A slightly higher acidity count also makes yellow passionfruits more commonly used for juicing, despite the fact that purple passionfruits typically produce more juice. Talk about a passion for giving back!
Some of the most popular yellow passionfruits include:
Maracuya: A typically Brazilian-grown cultivar, this passionfruit variety is larger—and yellower—than most other varietals in its fruity family.
Banana passionfruit: Named for its shape as much as its color, this type of passionfruit is longer, and more oblong, than the others, with a sweet flavor that leaves a slightly acidic aftertaste.
Yee Selection: First developed in Hawaii, this is one of the more flavorful yellow passionfruit varietals – though the Yee Selection proves that less can sometimes be more, yielding a lower amount of juice than many other passionfruits.
Sevcik Selection: Besides being particularly tricky to pronounce, this cultivar is just a bit peculiar in general, with a flavor that reads almost slightly woody, compared to its typically much sweeter passionfruit cousins.
A relatively new development in the passionfruit world, these cultivars prove that good things are worth the wait.
Many growers argue that sweet passionfruits are the best-tasting of all, and they’re quickly becoming one of the most popular types of passionfruits out there.
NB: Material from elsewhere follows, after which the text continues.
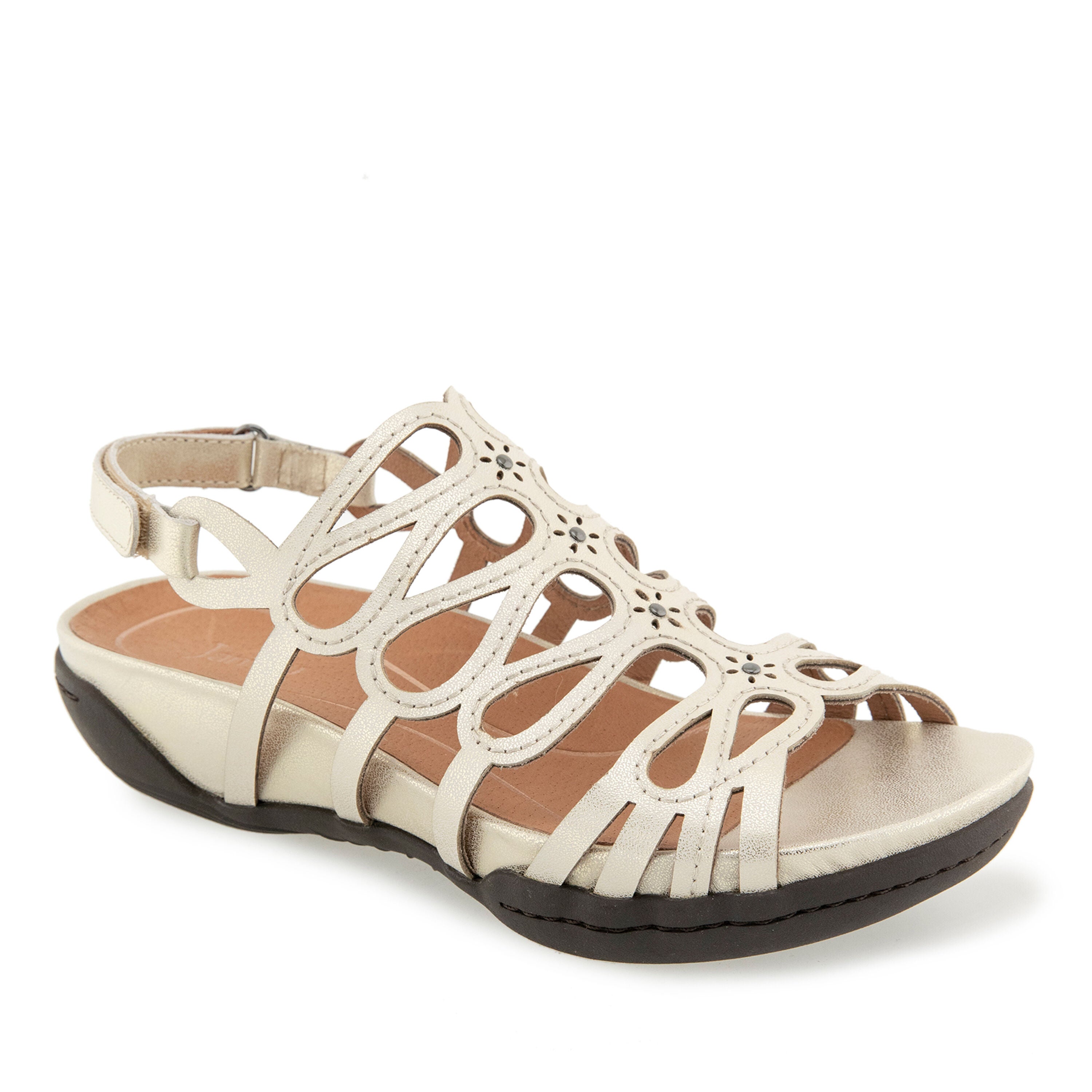 Miriam Casual Flat Sandal, BRUSHED GOLD, hi-res image number 0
And thankfully, they’re easy to spot among the crowd, with a unique color story that sees the fruit start out blue and turn to orange as it ripens, revealing a white—and exceptionally sweet-smelling—flesh inside.
Finally, for those who can’t get enough passion in their life, there’s this varietal, which lives up to its name, typically reaching over one foot in diameter.
Giant passionfruits are slower growing and, for the most part, lack the powerful punch of taste delivered by their smaller siblings. But that doesn’t make them any less worthy of your time.
Indeed, taking a spoon to any of these fruits may be a solid personal move: legend has it that you’ll fall in love with the first person you see after eating a passionfruit.
But, as far as we’re concerned, if you’re enjoying any one of these tropical varieties, it’s clear you at least already love yourself.